My fear made me oblivious to my surroundings. Only once we were in the quiet of the bay did I realise that the boat was becoming less and less distinct. The timbers beneath my hand were translucent as if they, too, like the long drowned, had finished with this world. The prow itself, though still substantial to my touch, appeared like paper, as if my hand could push through it into the cold black water beyond. The mast seemed no more than a blade of straw. The aft panels were quite invisible. At last, the beach approached. Now it was as if the two of us, the gaunt man and I, were hovering across the waves, so transparent had the boat become.

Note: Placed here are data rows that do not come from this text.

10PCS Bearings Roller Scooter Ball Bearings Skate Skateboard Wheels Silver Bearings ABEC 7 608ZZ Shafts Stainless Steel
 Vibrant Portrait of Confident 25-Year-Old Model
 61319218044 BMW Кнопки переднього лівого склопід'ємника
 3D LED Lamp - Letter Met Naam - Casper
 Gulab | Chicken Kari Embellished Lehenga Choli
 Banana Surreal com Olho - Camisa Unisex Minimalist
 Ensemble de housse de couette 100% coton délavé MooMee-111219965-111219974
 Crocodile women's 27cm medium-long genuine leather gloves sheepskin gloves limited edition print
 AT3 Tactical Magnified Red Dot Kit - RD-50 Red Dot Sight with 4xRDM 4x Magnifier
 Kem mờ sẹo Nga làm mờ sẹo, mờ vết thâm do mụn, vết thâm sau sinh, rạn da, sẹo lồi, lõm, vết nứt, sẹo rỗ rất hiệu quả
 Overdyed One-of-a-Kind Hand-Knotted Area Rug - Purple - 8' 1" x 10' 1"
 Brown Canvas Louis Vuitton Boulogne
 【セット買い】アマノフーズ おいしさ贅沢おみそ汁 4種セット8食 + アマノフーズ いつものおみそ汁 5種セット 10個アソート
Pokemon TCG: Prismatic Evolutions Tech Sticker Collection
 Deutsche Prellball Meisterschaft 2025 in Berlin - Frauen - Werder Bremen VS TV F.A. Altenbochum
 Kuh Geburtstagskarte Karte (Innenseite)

Just as it felt that my imagination could no longer sustain the image of the craft and I must drown, I felt myself thrown up onto the sand. I lay still for a moment, dazed with all I had seen. I was drenched from the spray. The waves lapped at my legs but I hadn’t the strength to pull myself upright. Then I noticed the gaunt man already trudging away up the beach. The sun was rising and a pale shaft of yellow light illuminated his sunken features.
I dragged myself to my feet and ran after him. ‘Why you?’ I cried.
He held my gaze for a moment then replied, in a voice thick with sorrow and resignation:
‘Because I was called.’
I let go of his arm and the man continued on his weary way. I watched him go. There was, in the awkward droop of his shoulders, a terrible lassitude – or at least so it seemed to me.
I thought again of the carved bones that dangled from the timbers of his roof – all the vile little faces. I pictured him in his lonely cabin, working away at some of that very evening’s passengers. He carved them as they must have been in life, but I could not have done the same. I wondered if he was the only man allowed to see the men they had been. As an interloper or a stowaway, I had perceived the desperate transformations that death had wrought.